The selection of art is work that Clarkes produced in Toronto nearly a half century ago with a few recent portraits and works from the past decade mixed in. Most of the selected works have not been previously exhibited in Atlantic Canada.

The Guardian sat down with Clarkes recently to talk about his works. However, talking about himself is not something he likes to do. And, don’t tell him it’s because he is humble.

“No, no, no. Humility has nothing to do with it,” Clarkes said when asked how it feels to have his works up on the walls at the art gallery. “It’s OK; it’s fine. I couldn’t imagine anybody would want to show these works, not because they’re good or bad but because they’re paintings on a canvas using mainly little brushes.”

Gerard Clarkes and his daughter, Millefiore, glance at a painting Gerard did in 1969 of his wife, and Millefiore’s mother, Rebecca, called Portrait of Rebecca Clarkes. It is part of an exhibit of Gerard’s works on display at the Confederation Centre Art Gallery in Charlottetown. – Dave Stewart

 

Born in 1934, Clarkes studied art in his native Winnipeg as well as in Montreal and Toronto. By the early 1960s, he was represented by major galleries in Toronto and Montreal and had solo exhibitions in Toronto and Vancouver.
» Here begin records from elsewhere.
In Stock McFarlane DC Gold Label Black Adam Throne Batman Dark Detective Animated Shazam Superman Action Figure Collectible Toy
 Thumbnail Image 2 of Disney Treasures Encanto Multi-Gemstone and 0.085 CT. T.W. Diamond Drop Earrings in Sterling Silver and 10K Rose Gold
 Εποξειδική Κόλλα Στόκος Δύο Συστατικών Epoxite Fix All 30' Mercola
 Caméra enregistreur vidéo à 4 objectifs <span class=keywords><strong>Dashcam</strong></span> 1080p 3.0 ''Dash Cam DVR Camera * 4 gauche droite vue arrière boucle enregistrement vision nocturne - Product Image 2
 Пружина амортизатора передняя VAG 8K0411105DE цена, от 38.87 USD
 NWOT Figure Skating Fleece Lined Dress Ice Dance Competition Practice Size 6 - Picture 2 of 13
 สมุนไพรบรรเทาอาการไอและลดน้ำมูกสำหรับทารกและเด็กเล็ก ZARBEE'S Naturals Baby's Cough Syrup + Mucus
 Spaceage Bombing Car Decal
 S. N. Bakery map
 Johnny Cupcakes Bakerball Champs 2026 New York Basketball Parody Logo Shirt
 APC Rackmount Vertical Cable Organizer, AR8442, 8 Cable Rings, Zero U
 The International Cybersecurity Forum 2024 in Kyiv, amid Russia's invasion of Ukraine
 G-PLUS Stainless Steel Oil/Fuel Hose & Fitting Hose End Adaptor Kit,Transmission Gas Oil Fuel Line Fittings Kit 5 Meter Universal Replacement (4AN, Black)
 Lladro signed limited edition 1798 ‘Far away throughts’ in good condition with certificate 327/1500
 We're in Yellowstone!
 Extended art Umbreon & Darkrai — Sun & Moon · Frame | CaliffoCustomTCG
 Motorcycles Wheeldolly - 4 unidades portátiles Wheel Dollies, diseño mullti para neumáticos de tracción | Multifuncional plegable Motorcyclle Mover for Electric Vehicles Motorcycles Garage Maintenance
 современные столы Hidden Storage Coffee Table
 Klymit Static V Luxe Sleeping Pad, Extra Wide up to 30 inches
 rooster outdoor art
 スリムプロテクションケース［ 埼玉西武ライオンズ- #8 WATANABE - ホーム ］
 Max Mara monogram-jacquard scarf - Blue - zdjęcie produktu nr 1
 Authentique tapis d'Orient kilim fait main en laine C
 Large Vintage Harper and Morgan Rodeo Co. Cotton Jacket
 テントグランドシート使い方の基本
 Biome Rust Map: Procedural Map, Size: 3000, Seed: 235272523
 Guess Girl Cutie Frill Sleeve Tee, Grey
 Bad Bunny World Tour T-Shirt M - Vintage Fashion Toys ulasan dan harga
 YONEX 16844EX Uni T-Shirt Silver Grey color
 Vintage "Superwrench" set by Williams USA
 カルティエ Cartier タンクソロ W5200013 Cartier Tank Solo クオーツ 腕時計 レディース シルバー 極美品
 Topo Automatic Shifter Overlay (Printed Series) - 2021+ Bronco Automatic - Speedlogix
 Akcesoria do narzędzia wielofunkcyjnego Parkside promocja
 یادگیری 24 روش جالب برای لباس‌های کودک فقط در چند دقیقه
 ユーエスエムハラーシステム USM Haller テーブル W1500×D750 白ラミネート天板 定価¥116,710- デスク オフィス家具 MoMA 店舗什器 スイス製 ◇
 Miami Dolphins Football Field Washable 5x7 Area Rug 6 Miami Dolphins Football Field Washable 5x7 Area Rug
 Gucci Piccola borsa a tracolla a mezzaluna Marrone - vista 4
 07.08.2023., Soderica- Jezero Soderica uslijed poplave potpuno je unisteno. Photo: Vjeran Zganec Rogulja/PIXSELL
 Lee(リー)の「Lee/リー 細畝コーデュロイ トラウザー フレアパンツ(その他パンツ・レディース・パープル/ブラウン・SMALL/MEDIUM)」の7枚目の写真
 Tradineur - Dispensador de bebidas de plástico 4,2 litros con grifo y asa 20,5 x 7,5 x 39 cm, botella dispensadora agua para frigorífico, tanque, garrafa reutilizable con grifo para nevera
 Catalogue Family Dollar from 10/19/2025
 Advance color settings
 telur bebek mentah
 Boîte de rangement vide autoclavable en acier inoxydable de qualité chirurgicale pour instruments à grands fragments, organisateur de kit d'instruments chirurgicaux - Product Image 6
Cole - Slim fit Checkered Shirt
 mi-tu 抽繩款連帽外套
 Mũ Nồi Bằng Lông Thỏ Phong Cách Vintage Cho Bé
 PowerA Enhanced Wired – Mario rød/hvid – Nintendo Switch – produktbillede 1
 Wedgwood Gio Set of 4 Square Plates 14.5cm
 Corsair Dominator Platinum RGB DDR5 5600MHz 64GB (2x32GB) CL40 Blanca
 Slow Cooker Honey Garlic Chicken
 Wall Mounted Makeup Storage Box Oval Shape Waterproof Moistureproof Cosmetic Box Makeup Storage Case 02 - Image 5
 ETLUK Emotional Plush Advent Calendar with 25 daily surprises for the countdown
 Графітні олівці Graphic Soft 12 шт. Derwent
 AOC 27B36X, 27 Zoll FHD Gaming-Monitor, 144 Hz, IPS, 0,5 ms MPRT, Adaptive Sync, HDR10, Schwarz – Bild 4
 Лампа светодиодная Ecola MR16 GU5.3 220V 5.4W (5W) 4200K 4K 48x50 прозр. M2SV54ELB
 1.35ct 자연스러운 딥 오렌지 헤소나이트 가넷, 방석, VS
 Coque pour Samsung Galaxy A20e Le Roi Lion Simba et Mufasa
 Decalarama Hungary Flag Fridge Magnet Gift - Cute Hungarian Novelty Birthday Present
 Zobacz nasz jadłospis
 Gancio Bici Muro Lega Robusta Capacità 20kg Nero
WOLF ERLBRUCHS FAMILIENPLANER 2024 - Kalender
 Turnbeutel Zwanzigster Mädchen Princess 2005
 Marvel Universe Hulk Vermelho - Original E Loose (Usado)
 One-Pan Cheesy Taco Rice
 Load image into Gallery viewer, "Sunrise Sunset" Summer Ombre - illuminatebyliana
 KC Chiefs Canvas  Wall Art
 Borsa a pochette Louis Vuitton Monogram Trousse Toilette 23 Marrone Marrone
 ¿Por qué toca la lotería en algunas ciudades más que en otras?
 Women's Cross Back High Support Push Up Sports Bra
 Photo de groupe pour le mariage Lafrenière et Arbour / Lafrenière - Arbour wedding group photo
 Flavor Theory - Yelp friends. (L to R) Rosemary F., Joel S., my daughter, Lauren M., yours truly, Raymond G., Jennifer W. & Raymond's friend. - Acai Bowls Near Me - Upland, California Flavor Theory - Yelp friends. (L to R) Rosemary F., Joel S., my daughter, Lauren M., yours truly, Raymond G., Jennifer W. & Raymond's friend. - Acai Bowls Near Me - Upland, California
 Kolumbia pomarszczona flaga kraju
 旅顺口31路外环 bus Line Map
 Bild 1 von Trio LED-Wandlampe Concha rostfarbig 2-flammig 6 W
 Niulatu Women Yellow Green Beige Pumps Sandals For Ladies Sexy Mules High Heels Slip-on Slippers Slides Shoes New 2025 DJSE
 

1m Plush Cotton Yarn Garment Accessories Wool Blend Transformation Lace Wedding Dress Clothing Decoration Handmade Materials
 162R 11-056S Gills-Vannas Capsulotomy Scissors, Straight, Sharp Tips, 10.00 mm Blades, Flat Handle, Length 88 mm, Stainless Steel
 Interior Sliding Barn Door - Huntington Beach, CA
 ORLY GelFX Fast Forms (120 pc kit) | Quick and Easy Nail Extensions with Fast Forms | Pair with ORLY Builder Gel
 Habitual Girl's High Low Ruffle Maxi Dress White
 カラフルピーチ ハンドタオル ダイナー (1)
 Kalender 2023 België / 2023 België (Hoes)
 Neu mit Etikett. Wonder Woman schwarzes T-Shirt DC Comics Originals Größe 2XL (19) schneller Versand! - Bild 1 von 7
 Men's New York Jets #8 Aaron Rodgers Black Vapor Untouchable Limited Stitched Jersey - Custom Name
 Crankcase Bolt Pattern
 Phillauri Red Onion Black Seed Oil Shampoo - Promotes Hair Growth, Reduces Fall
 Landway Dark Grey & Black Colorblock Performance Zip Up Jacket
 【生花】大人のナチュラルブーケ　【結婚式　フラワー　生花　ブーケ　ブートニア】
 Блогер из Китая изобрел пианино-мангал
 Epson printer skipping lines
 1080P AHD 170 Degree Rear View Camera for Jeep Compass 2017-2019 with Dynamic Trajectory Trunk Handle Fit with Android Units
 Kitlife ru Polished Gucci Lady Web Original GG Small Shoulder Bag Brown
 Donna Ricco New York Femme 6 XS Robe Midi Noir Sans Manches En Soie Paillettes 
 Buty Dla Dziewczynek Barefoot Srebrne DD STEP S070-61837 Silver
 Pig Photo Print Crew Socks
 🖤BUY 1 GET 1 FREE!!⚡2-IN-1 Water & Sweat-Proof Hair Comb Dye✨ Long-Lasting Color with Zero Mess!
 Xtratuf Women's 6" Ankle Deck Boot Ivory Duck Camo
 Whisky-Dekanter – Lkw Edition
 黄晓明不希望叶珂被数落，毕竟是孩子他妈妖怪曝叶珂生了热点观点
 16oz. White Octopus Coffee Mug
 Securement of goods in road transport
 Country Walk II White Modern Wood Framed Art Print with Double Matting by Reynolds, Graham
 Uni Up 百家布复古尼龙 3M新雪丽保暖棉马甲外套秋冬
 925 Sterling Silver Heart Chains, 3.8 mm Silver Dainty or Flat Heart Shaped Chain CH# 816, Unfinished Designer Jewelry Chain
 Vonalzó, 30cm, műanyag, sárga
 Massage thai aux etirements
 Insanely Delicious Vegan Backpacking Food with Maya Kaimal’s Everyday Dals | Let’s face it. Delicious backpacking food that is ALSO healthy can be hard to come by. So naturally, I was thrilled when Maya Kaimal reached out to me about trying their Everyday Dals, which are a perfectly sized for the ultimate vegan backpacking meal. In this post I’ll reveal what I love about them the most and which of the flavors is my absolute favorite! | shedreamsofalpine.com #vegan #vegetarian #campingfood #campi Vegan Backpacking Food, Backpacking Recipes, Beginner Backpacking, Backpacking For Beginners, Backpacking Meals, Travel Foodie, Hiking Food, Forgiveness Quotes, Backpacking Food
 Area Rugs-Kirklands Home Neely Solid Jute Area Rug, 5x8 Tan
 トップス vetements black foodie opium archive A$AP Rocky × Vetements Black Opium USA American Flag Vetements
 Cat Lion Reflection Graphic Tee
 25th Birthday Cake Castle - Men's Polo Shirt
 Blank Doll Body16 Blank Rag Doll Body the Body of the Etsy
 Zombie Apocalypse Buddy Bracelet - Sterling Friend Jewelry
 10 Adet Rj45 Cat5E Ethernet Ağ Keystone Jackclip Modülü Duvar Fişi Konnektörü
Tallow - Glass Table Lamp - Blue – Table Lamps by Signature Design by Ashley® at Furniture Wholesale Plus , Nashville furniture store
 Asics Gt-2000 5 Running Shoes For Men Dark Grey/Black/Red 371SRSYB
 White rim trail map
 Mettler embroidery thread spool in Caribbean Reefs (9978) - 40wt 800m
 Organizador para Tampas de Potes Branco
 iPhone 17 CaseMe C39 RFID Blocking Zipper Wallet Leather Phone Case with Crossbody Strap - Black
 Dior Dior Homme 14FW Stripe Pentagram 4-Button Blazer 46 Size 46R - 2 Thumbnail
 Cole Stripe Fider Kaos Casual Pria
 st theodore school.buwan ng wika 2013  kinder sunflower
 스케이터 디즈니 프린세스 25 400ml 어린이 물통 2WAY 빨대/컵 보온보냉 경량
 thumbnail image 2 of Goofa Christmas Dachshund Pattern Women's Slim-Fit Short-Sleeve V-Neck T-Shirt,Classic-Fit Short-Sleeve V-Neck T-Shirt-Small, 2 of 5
By the mid-60s, he was appointed director of art at York University in Toronto and later director of the Burnaby Art Gallery in British Columbia.


Bio

Following is more information on artist Gerard Clarkes:

  • His works can be found in public and private collections, including at Queen’s University in Kingston, Ont., the Woodstock Art Gallery and the Montreal Museum of Fine Arts.
  • Since 1985, he composed music almost exclusively until returning actively to painting in the past decade.
  • He maintains a rural home and studio in P.E.I. where he settled in 1990.

Pan Wendt, curator of the Confederation Centre Art Gallery, said the exhibit defies easy categorization, noting that Clarkes’ paintings often depict enigmatic casts of characters positioned in elusive landscapes, like actors in a tableau.

“His paintings are in some of the finest museums across Canada,” Wendt said. “The aim of this exhibition is to introduce the paintings of Gerard Clarkes to a new audience. He was one of the most prominent Canadians painters of the 1960s and ’70s who exhibited with major art galleries. 

“He’s just not known in the art world now. I think it’s a treat for people to see things the public has not seen in years.”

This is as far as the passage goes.